Performing (at) the Body’s Edge: “This Is Just Like Life”
New York University, 15 November 2011
The fall CSGS calendar of evening events ended on an amazing note, with a conversation between Shelley Jackson and Rebecca Schneider, hosted by CSGS and NYU’s Department of Performance Studies. Jackson and Schneider, whose books include The Melancholy of Anatomy (Jackson) and The Explicit Body in Performance (Schneider), had a lot to say to one another about bodies. They focused their discussion on Jackson’s work and, in particular, on her short story, “Skin.”
In 2003, Jackson put out an ad in Cabinet magazine, calling for participants in a “mortal work of art”: a 2,095-word story that required as many volunteers to provide a surface for her text. Jackson joked that “Skin” is “one of the more expensive books ever published, at $50 to $100 a word.” The story is “still at the printers,” as it is being published one word at a time on living human skin, in the form of tattoos on the bodies of volunteers. Jackson described “Skin” as a project that “blurs to the point of collapse the distinction between body and language,” so that the relationship between body and language “becomes one of identity,” not simply of likeness.
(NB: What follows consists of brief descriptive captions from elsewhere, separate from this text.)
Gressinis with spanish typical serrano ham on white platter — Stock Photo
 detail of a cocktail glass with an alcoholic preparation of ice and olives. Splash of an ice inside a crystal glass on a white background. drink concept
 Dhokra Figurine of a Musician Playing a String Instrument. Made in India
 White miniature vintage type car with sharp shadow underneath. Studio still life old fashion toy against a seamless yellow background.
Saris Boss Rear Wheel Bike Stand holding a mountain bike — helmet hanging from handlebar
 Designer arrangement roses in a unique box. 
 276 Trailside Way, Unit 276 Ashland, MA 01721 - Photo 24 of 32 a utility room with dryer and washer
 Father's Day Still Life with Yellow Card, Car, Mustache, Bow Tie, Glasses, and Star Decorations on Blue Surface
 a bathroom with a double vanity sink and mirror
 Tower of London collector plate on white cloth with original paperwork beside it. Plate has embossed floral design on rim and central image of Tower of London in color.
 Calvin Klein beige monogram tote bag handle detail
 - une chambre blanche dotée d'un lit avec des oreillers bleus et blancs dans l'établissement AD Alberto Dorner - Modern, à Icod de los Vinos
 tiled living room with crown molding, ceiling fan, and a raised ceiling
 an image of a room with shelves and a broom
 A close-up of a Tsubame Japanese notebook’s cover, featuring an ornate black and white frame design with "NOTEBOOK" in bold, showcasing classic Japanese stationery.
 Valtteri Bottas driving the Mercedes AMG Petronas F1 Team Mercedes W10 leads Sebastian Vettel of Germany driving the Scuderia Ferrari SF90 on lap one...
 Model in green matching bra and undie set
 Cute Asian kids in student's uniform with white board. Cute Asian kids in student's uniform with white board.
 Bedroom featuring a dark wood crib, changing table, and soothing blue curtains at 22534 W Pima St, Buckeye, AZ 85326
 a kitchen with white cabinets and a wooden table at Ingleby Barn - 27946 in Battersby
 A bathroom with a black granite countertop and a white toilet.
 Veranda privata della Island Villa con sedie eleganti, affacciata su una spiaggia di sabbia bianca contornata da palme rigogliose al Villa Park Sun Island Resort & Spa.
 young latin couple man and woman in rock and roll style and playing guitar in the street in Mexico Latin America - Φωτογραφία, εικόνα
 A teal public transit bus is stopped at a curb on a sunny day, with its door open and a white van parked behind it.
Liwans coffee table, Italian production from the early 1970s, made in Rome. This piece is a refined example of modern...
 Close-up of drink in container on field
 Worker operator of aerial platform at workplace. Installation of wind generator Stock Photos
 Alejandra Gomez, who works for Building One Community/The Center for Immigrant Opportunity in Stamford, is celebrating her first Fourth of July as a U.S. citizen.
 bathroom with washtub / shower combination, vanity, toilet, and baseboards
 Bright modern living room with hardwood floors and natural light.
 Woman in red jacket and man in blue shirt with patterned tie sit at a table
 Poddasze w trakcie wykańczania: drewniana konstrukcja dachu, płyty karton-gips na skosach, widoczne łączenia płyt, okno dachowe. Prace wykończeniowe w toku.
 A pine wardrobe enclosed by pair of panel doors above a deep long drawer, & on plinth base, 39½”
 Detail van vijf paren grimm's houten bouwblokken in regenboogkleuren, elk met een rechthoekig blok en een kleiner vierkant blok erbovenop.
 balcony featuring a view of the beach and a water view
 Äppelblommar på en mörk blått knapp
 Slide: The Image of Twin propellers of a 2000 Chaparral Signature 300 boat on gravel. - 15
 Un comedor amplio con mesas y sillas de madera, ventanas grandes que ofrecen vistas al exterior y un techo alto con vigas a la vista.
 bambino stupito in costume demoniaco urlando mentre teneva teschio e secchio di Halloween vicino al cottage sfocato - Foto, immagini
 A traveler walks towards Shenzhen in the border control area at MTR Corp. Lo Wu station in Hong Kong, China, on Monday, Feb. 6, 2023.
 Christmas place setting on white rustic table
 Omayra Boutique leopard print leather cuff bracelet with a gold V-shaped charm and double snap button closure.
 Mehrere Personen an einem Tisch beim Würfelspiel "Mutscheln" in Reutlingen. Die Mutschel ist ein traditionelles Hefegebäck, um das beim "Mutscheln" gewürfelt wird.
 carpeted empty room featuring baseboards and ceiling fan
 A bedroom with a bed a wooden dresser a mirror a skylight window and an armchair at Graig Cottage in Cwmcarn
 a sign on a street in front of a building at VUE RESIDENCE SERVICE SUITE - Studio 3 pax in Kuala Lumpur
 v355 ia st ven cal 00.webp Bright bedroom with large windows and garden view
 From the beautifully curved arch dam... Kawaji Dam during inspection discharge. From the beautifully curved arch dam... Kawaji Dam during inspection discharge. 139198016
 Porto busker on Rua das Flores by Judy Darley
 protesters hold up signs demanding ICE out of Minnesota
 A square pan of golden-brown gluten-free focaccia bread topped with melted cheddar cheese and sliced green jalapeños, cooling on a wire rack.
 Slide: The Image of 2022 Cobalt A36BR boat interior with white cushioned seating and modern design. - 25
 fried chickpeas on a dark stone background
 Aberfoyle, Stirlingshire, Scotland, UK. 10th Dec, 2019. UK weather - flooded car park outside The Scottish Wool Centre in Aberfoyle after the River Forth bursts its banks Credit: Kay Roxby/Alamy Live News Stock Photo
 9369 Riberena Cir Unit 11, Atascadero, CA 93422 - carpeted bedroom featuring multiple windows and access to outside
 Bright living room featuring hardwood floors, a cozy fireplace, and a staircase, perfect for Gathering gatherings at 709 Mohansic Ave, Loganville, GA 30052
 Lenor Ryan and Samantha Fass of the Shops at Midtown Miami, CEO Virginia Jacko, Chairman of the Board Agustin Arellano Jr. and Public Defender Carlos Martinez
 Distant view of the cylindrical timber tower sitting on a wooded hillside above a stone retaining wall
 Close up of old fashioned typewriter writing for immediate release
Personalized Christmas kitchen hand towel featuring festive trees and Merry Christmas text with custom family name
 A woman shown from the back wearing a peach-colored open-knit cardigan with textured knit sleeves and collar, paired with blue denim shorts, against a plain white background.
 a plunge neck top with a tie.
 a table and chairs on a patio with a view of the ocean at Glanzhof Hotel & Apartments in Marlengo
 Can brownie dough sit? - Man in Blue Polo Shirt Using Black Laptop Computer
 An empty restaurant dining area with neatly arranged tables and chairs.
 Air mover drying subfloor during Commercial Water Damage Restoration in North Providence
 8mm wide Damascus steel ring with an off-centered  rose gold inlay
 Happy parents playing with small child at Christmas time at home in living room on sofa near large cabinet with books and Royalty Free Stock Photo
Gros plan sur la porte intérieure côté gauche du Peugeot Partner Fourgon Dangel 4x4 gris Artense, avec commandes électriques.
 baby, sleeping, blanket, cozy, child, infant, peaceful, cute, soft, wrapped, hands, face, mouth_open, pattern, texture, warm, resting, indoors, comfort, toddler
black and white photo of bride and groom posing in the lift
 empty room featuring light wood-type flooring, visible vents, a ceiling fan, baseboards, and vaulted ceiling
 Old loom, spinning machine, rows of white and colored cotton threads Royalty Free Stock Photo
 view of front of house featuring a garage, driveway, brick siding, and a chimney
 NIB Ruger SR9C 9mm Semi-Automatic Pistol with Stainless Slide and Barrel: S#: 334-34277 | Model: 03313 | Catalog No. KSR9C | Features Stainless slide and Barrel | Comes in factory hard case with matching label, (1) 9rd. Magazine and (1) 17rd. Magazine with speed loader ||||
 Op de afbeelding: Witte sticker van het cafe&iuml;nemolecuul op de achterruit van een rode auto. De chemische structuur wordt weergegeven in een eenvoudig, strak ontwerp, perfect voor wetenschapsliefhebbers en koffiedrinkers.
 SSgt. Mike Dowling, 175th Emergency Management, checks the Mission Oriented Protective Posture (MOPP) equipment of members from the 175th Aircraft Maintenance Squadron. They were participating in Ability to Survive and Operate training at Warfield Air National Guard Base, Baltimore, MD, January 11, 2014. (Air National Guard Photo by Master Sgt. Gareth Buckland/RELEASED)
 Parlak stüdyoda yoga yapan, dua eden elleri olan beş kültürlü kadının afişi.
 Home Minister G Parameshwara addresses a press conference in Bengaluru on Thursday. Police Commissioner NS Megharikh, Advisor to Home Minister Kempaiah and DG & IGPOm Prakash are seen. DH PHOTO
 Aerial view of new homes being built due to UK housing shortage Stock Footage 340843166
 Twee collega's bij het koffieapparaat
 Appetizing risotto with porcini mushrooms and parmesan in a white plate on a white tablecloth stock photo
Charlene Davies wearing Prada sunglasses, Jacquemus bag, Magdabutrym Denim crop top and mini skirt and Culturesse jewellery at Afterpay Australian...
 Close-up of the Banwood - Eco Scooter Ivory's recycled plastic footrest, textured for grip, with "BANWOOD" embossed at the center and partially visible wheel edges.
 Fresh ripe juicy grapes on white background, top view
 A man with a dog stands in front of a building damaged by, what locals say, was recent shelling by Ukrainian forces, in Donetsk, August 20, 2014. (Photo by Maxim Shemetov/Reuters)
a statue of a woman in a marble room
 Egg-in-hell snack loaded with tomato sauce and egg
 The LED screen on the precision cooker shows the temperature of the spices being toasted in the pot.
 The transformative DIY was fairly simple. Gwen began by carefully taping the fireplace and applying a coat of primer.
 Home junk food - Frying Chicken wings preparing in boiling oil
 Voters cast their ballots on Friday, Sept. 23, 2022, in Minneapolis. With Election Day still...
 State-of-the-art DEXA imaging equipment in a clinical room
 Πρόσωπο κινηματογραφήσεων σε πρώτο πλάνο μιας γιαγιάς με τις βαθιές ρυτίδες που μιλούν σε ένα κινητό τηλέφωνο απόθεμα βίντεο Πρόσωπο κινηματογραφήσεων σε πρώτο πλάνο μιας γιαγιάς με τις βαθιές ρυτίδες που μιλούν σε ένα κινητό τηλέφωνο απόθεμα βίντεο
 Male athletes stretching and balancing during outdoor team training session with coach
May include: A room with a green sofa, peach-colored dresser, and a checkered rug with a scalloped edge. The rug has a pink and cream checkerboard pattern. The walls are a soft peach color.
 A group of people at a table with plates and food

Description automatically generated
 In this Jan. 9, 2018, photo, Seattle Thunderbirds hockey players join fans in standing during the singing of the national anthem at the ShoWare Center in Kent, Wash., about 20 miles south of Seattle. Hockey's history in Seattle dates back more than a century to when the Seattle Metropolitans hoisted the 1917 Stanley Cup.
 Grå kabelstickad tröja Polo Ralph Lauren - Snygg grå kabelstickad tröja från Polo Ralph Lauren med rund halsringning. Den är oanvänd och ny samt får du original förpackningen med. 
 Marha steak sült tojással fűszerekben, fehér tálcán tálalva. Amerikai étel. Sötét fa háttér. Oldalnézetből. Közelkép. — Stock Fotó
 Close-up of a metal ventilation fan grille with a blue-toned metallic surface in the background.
With “Skin,” she posits: “if bodies are words, then words are bodies”—and indeed she refers to the participants in the story as “words.” Jackson described her work more generally as “an extension of an obsession with having a body at all,” and a “fascination with how weird it is that we think of the world in terms of ideas” or meanings, instead of materiality—“and yet, we are made of stuff.” Her work plays with the also-weird materiality of words and ideas through the “fantasy of total translatability in the world,” which offers the possibility that “meaning might not be as abstract and remote as it seems,” and so it might “engage with us on a physical level.”
Rebecca Schneider suggested that “the project underscores an always-already operation of language and embodiment: words are always tactile, but we don’t always take note.” She offered a beautifully playful riff on the “incredibly, fabulously material” project, describing the ways it “undoes” the meanings of literature and the “stuff” of books, reworking them in terms of intimacy, collectivity, and consent. In “Skin,” “circulation has to rethink itself,” and “binding holds differently,” as the words “may be bound together in some way, but that way has become immaterial, or affective”—the space between words, and between word and reader, can either be “no space at all,” as close as ink on skin, or reflect the “outrageous expansion” of the physical location of the words, dispersed across continents.
If the meaning of the word literature is “acquaintance with letters,” then Schneider understands Jackson’s aim to be “to unsettle the term acquaintance into something more viscous, porous and flexible”—and, certainly, Jackson has “made matters more interesting.” The participants become the words of the story, and so an acquaintance with these words is relational, as “the words have lives: walking to the grocery store, showering when dirty, turning over in bed.” While Jackson described the participants’ experience in the project, Schneider spoke to the ways Jackson’s “words” might be encountered out of context, if the reader is a person accessing the word on or as another’s body. “Look around,” Schneider said, “surely we have some words among us; or we are all perhaps words among themselves, making a part of a story with spaces between us, as between words, the spaces that separate skin from skin.”
Jackson didn’t read an excerpt from “Skin,” as she has specified that only the participants, or “words,” can read the whole story. She did read another story—also called “Skin”—which she described as “one of the myriad of stories that is not [her] story, but that [her] story could form on an auspicious day,” as it was written using only words from the original “Skin.” Her reading of this brief and haunting version of “Skin” was accompanied by a video of the story’s text, commissioned in 2011 by the Berkeley Art Museum.
The video was cut and pasted together from short video clips of 191 of Jackson’s “words” pronouncing themselves. “Who are we, anyway?… We don’t remember who we are but we are certain we are not dead,” she intoned, as bodies flashed across the screen behind her, echoing her words: “This is just like life.”
Julia DeLeon is a PhD student in Performance Studies at NYU.